Having worked with agents who were “indifferent, incompetent and otherwise disappointing,” she said, “I feel about real estate agents the way I feel about literary agents — those areas are filled with peril.” But, she added, “I believe they’ll get you more than enough to make up for their fee.”
So Ms. West Eckhardt’s advice is to “interview, interview, interview” brokers. But this time around, serendipity played a role in her selection. At a party in Maplewood, she met Joanne Douds, who works for Sotheby’s International Realty in Fort Lee, N.J.
“She says the hard things to me, like ‘Your house smells like dogs,’ ” Ms. West Eckhardt said. “On the day of the open house, she walked in with her makeup and eyelashes six inches in front of her face and Prada shoes, took one look at what I considered neat and clean, rolled up her sleeves and said, ‘Get me the vacuum cleaner.’ ”

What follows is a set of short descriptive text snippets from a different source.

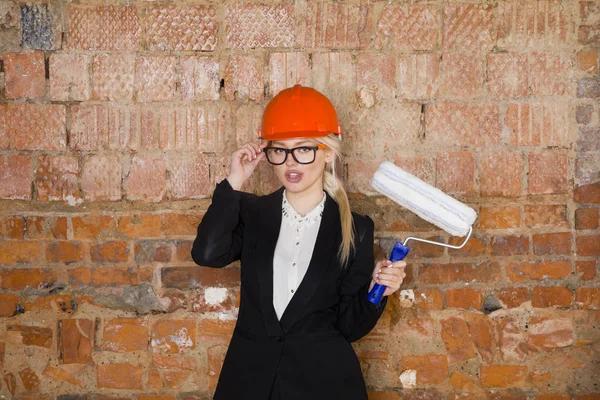 Mimar öğrenci veya rulo ile ressam portre ve miğfer korumak. Tuğla kırmızı arka plan.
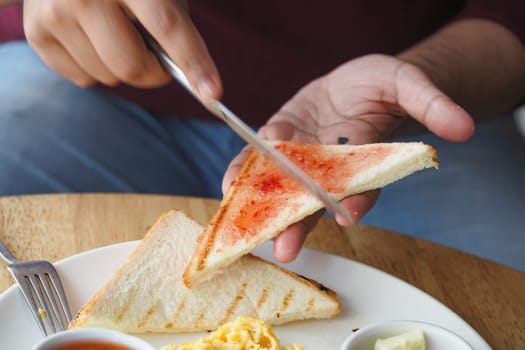A person cuts jam-topped toast while seated for breakfast.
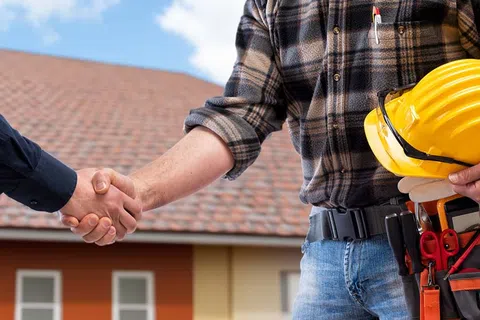 Construction worker holding a yellow hard hat shaking hands with another person in front of a house.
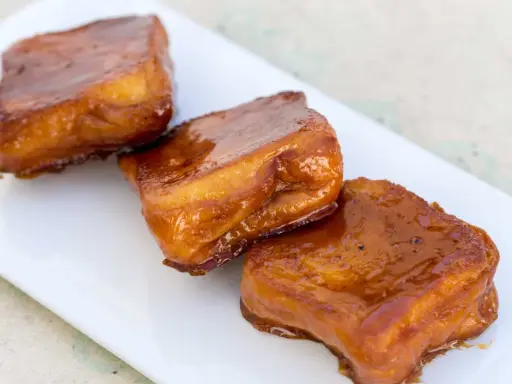 Tres torrijas de miel, doradas y brillantes, reposan en un plato blanco.
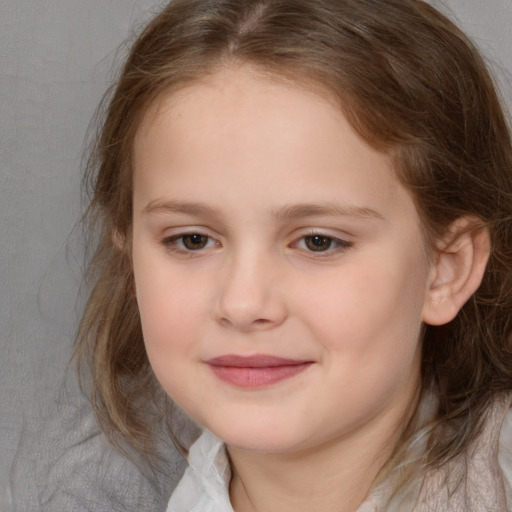 Joyful white child female with medium  brown hair and brown eyes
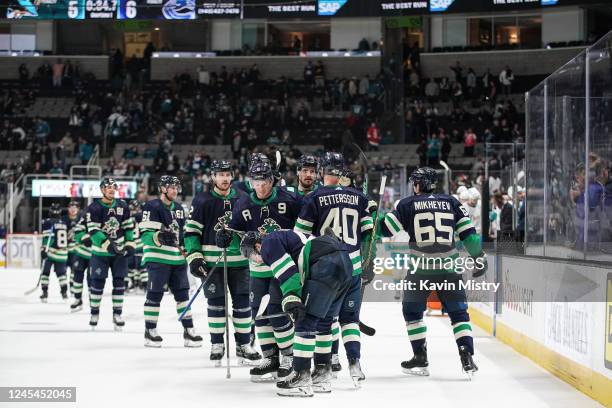 The Vancouver Canucks celebrate the overtime win against the San Jose Sharks at SAP Center on December 7, 2022 in San Jose, California.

Ms. West Eckhardt said that at 70, she is more eager to churn out several more books than to spend time extolling the Maplewood-South Orange school district to a trail of bright-eyed couples.
But as Ms. LeStar has discovered while showing her Upper East Side studio, there is not that much extolling to do. “The buyers walk in and they know as much about the apartment as you do,” she said.
Technology has made it much easier for people to educate themselves, a trend that agents have had to acknowledge and adjust to.
“It’s not like it was 10 years ago, where you might show someone eight houses in a day,” said Russ Woolley, the president of Wright Bros. Real Estate. “They have already been online and know what they like and don’t like. They may have seen 20 pictures of one house.” Potential buyers, he said, now arrive with specific houses in mind.
Dan Murray, a firefighter in the South Bronx, is hedging his bets and working both ends of the real estate equation.
To market their three-bedroom condominium in Riverdale, Mr. Murray and his wife, Diana, placed ads online and paid a one-time fee of $300 to forsalebyowner.com, which placed the property with the Westchester-Putnam Multiple Listings Service.
Mr. Murray, 40, is prepared to pay the agent who delivers a buyer 2 percent of the selling price, substantially less than the standard industry fee of 5 percent to 6 percent.
Meanwhile, in his search for a new home in northern Westchester County, he is using Google maps and satellite photos, while scouring the same sites he is advertising on for a FSBO.
“I would think anyone who is comfortable with the Internet would prefer to do it this way,” Mr. Murray said. “Eventually, who won’t be?”